Let’s create a simple visualization of our findings:
plot_model(model_duncan, show.values = TRUE) +
labs(
title = "Effect of Income on Occupational Prestige",
subtitle = "One point increase in income score associated with 1.08 point increase in prestige"
)
Let’s create a professional-looking regression table with modelsummary:
modelsummary(model_duncan,
fmt = 2,
estimate = "{estimate} [{conf.low}, {conf.high}]",
statistic = NULL,
coef_rename = c("(Intercept)" = "Intercept", "income" = "Income Score"),
gof_map = c("nobs", "r.squared", "adj.r.squared", "rmse", "aic", "bic"),
title = "Regression of Occupational Prestige on Income",
notes = "Data: Duncan occupational prestige data (1950)")
(1) | |
---|---|
Data: Duncan occupational prestige data (1950) | |
Intercept | 2.46 [-8.01, 12.92] |
Income Score | 1.08 [0.86, 1.30] |
Num.Obs. | 45 |
R2 | 0.702 |
R2 Adj. | 0.695 |
RMSE | 17.01 |
AIC | 388.8 |
BIC | 394.2 |
We can also do it with the sjplot package:
prestige | |||
---|---|---|---|
Predictors | Estimates | CI | p |
(Intercept) | 2.46 | -8.01 – 12.92 | 0.638 |
income | 1.08 | 0.86 – 1.30 | <0.001 |
Observations | 45 | ||
R2 / R2 adjusted | 0.702 / 0.695 |
For our second example, we’ll examine populist attitudes using data from the European Social Survey (ESS). Specifically, we’ll analyze how these attitudes might differ by gender in Spain.

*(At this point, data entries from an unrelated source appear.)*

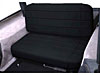 Rear Replacement Seat 1976-2006 CJ & Wrangler - image 1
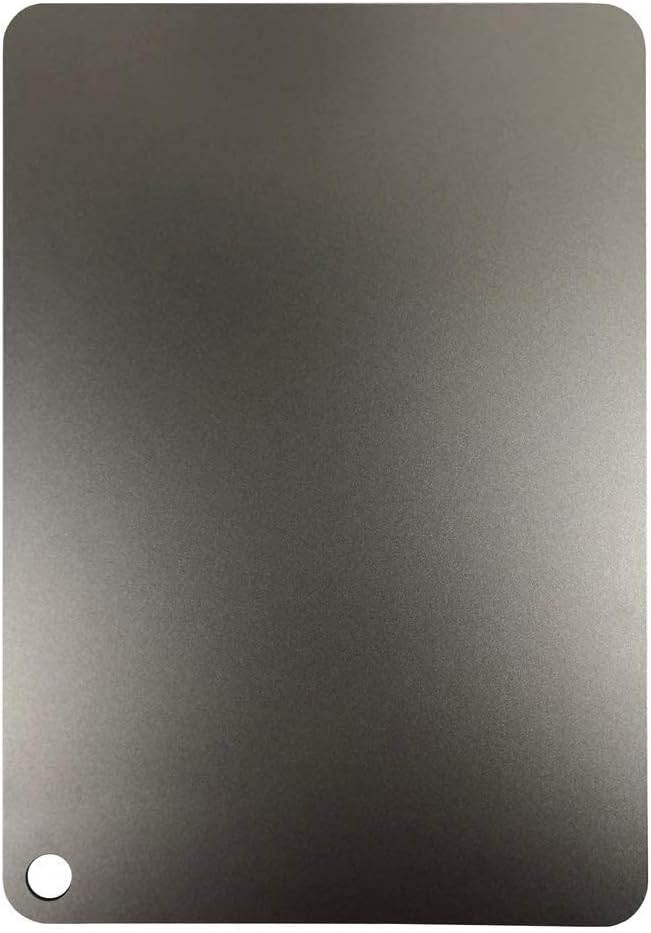 14" by 20" Pizza Steel (3/8" Deluxe Thickness) - Multipurpose Cooking Steel for Ovens & Grills - Made in the USA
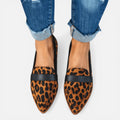 Pointed Toe Flat Slip On Shoes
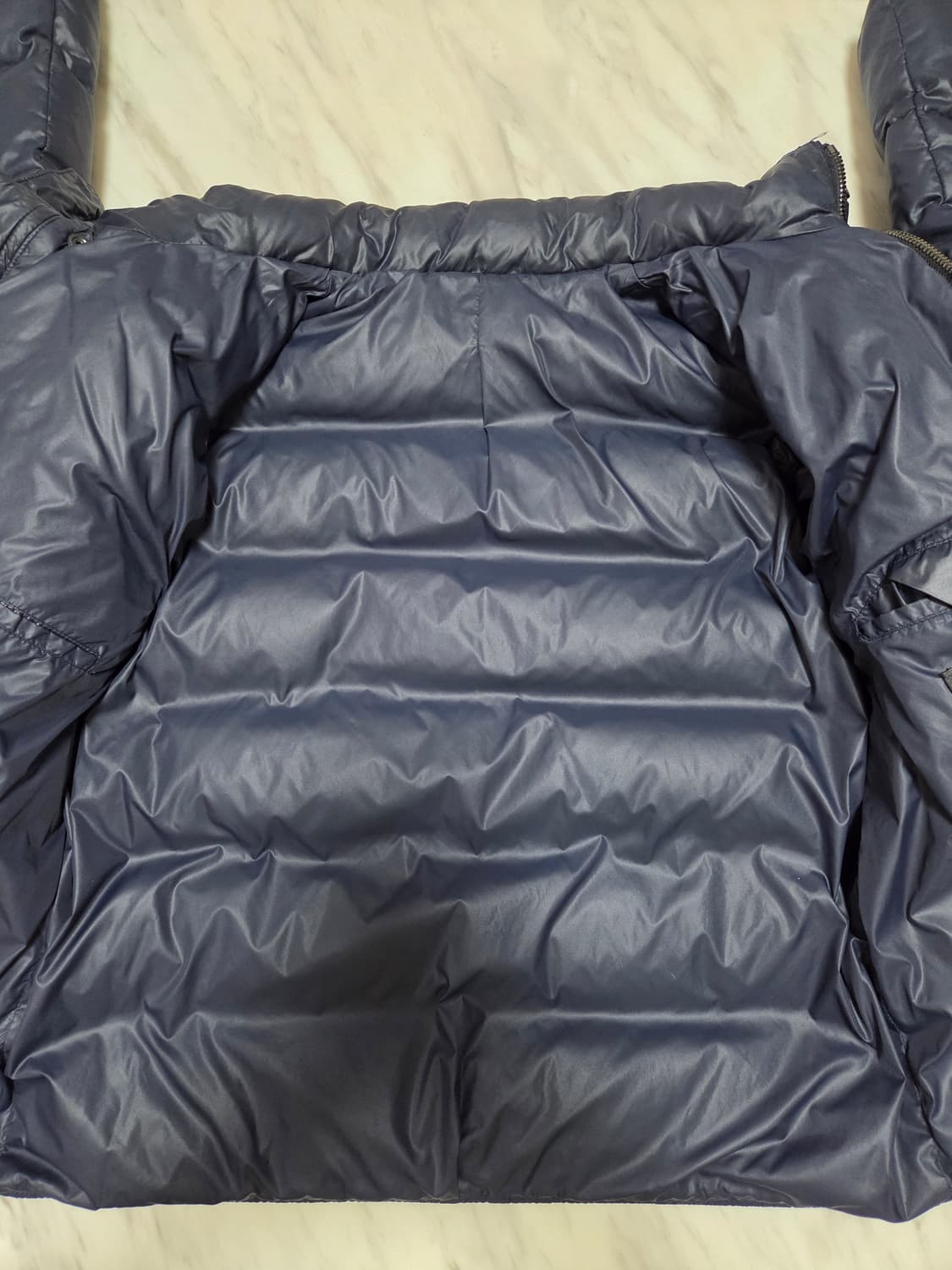 발망 네이비 다운 패딩 상품이미지5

Before diving into the analysis, let’s discuss what we mean by “scales” in sociological research. A scale is a composite measure created by combining multiple items that are believed to tap into the same underlying construct. Scales offer several advantages over single-item measures:
In this example, we will create a “populist attitudes” scale based on trust items from the ESS, following the methods similar to that used by Norris and Inglehart (2019) in their widely-cited book “Cultural Backlash.” Their conceptualization of populism (and eventual measurement as seen below) has been criticized. However, it does generate a nice 0-100 scale leveraging some trust items.
First, let’s load the ESS data for Spain and examine the trust variables we’ll use for our populist scale
spain_data <- read.fst("spain_data.fst")
head(spain_data[, c("trstplt", "trstprl", "trstprt", "gndr")])

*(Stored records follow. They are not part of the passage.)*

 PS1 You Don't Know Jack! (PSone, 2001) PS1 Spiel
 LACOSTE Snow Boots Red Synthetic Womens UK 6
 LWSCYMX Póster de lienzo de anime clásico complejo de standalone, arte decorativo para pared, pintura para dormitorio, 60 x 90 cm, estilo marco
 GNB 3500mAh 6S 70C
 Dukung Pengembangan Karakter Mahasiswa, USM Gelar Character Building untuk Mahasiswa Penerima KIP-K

## trstplt trstprl trstprt gndr
## 1 1 5 NA 2
## 2 2 4 NA 1
## 3 0 5 NA 1
## 4 3 5 NA 1
## 5 88 7 NA 1
## 6 5 9 NA 1
Note here we already seen there are lots of NA values to remove. But also values to deal with that should be treated as NA. The standard is to check the survey documentation – again, for the ESS, found here: https://www.europeansocialsurvey.org/data-portal
We can do a simple check. For instance:
##
## 0 1 2 3 4 5 6 7 8 9 10 77 88 99
## 4887 1784 2097 2210 1855 2628 952 558 274 66 58 40 278 36
These three variables measure respondents’ trust in politicians (trstplt), parliament (trstprl), and political parties (trstprt) on a scale from 0 (no trust at all) to 10 (complete trust). According to Norris and Inglehart’s conceptualization of populism, anti-trust in political institutions/parties/political elites is a key component of populist attitudes.
Now, let’s construct our populist scale:
# Step 1: Clean the trust variables (set values > 10 to NA)

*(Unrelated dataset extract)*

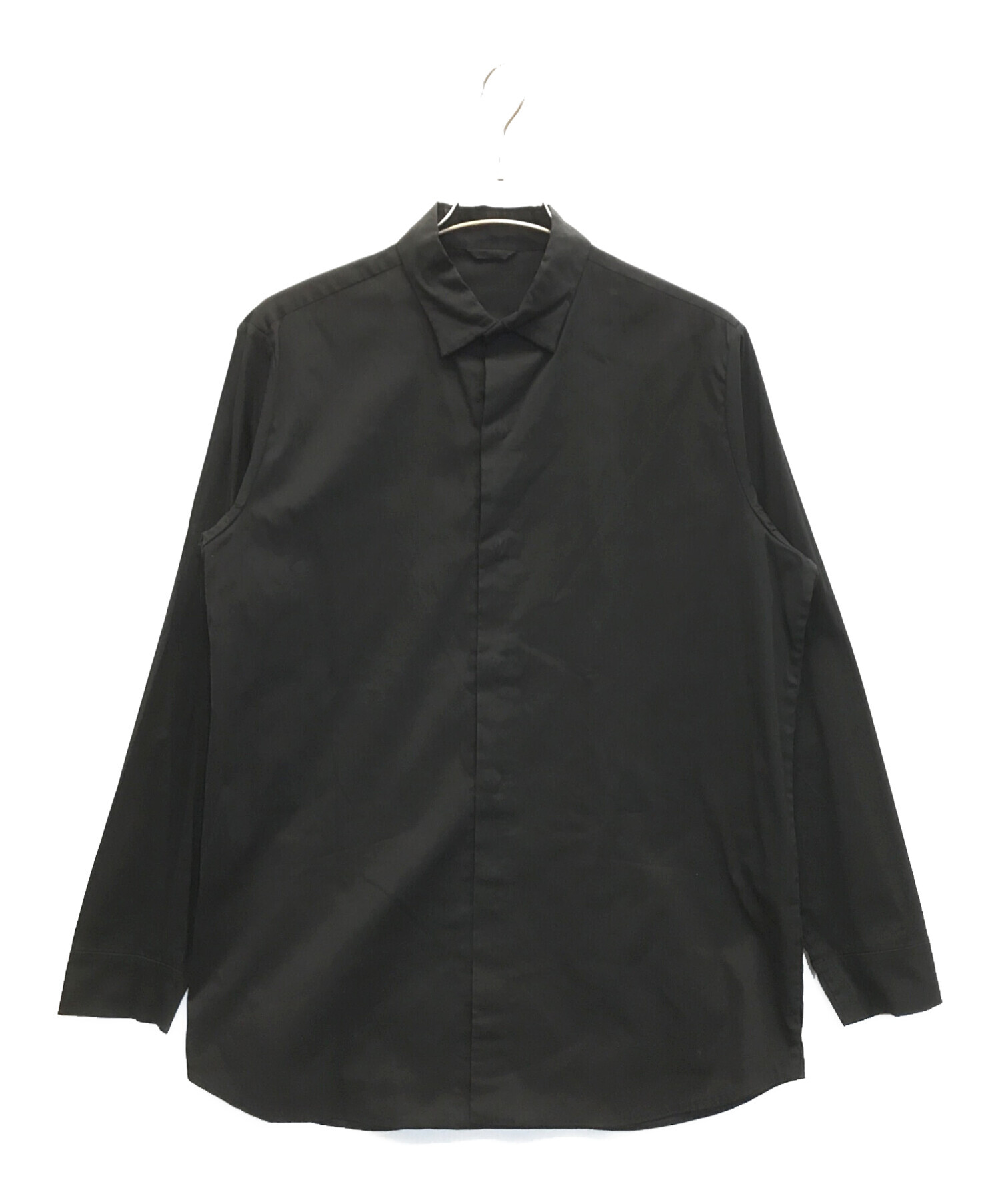 中古・古着通販】teatora (テアトラ) KEYBOARD SHIRT ブラック サイズ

spain_data$trstplt <- ifelse(spain_data$trstplt > 10, NA, spain_data$trstplt)
spain_data$trstprl <- ifelse(spain_data$trstprl > 10, NA, spain_data$trstprl)
spain_data$trstprt <- ifelse(spain_data$trstprt > 10, NA, spain_data$trstprt)
# Step 2: Create a trust scale (0-100)
spain_data$trust <- scales::rescale(
spain_data$trstplt + spain_data$trstprl + spain_data$trstprt,
na.rm = TRUE,
to = c(0, 100)
)
# Step 3: Flip the scale to create a populist measure (higher = more populist)
# This reverses the direction so that lower trust = higher populism
spain_data$populist <- scales::rescale(spain_data$trust, na.rm = TRUE, to = c(100, 0))
# Recode gender as a factor (1 = Male, 2 = Female)
spain_data$gender <- factor(spain_data$gndr,
levels = c(1, 2),
labels = c("Male", "Female"))
# Examine the properties of our new scale
summary(spain_data$populist, na.rm = TRUE)
## Min. 1st Qu. Median Mean 3rd Qu. Max. NA's
## 0.00 50.00 66.67 67.88 86.67 100.00 2775
The scale transformation works as follows:
We sum the three trust items to create an overall trust score
We use scales::rescale()
to transform this sum to a
0-100 scale
We create the populist scale by inverting the trust scale (so low trust = high populism)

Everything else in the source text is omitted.